Não nos escondemos por trás de alcunhas, de tipos de letra arcaicos, ou de avatares. Estamos ali, sempre presentes, iguais a nós próprios, sem segredos, ou privacidade, sem mistério. Eternas vítimas das primeiras impressões que uma foto, ou um perfil, criam na outra pessoa. Condenados a batalhar contra os preconceitos que daí advém, para podermos quebrar essa barreira invisível que nos separa daqueles que queremos conhecer.
Antes era mais simples. Apenas falávamos. Nada sabíamos sobre a outra pessoa. Podíamos ser quem quiséssemos. Podíamos ser completos estranhos, opostos de quem realmente somos. Podíamos ser aquilo que desejávamos ser. O culminar dos nossos sonhos ainda por realizar. Ou, podíamos apenas ser iguais a nós próprios.
Ninguém consegue manter uma máscara de forma permanente. Aos poucos revelamos quem somos, mesmo para aquele estranho escondido por trás de um ecrã. Despimo-nos de preconceitos, largamos a nossa bagagem, e qualquer espécie de ansiedade que pudéssemos sentir, e começamos a escrever. A contar estórias, a partilhar momentos, música, livros, filmes, e experiências.
Apaixonamo-nos pela alma da pessoa, pelas longas conversas, pelo seu sentido de humor, e por aquela vontade que nos impele a regressar. A aguardar por aquele ícone verde, por aquele aviso, por aquela luz, por aquele som que faz o nosso coração dar um salto e que preenche a nossa a face com um sorriso parvo.
Tudo isto apenas possível, porque não julgamos a pessoa pela sua aparência, porque não fomos assolados por uma onda de informação perfilada aleatoriamente numa simples pesquisa pelas suas redes sociais.
Não foi só uma linguagem que se extinguiu com o desaparecimento do IRC, foi também uma filosofia de vida. A liberdade do desconhecido. A ausência de preconceitos, de psicanálise de antecipação, e de prospecção de mercado – termo que pessoalmente abomino.
Hoje não faz sentido perguntar de onde alguém tecla. A sua localização aparece na base do chat. As videochamadas permitem vislumbrar o local onde esta se encontra. Uma janela directa para o seu mundo privado.

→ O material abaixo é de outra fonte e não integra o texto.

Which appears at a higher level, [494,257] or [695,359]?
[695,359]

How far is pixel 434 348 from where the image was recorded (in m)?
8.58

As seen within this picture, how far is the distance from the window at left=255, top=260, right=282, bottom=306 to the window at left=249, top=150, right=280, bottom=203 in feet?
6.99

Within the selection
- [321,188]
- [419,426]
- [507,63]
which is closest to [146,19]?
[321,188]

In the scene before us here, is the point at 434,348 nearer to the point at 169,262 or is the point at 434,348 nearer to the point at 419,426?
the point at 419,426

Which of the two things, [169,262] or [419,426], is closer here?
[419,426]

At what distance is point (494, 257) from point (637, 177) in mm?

A idade, as fotos, os seus gostos pessoais, aquilo que ela leu, viu, onde esteve, com quem, onde trabalha, onde estudou, tudo à distância de um clique, sem sequer precisarmos de lhe dirigir uma única palavra que seja.
Este facilitismo, esta apologia do imediato, fez com que deixássemos de ter tempo para verdadeiramente conhecer alguém. Descartamos incontáveis conversas à partida com base em noções pré-estabelecidas, que podem até não corresponder à realidade.
Estamos expostos e vulneráveis. Somos julgados a cada pedido de amizade, não por aquilo que dissemos, mas por uma análise superficial e fútil daquilo que partilhamos. Somos vítimas da revolução social da internet, e somos hoje tão inseguros atrás de um ecrã como qualquer pessoa num bar, ou em um outro qualquer evento social. Perdemos a liberdade de sermos julgados com uma mente aberta, apenas pelas nossas palavras, pelos nossos conceitos, pelas nossas experiências, e pelas nossas ideias. Somos hoje ignorados por aqueles que nos descartam antes do primeiro Olá. Mas será isso assim tão mau?
Se alguém nos julga pela aparência, pelos nossos gostos, ou por um outro elemento superficial. Se essa pessoa nos bloqueia, ou ignora os nossos contactos, será alguém que mereça a nossa atenção? Não. E o que nos moveu a dar o primeiro passo? Uma foto? Uma partilha de um gosto em comum? Uma convergência de ideologias? A sua popularidade? Ou apenas, simples curiosidade?
Quando nós próprios também nos deixamos emergir por esse jogo da Internet social, não somos diferentes daqueles que nos julgam. O anonimato é hoje um encanto perdido, relíquia dos tempos do IRC. Contudo, agora é mais simples descobrir as intenções de quem nos procura, e filtrar aqueles que não merecem o nosso reconhecimento.
Aquilo que perdemos em experiências, ganhamos em tempo. Resta-nos saber como, e com quem, o partilhar.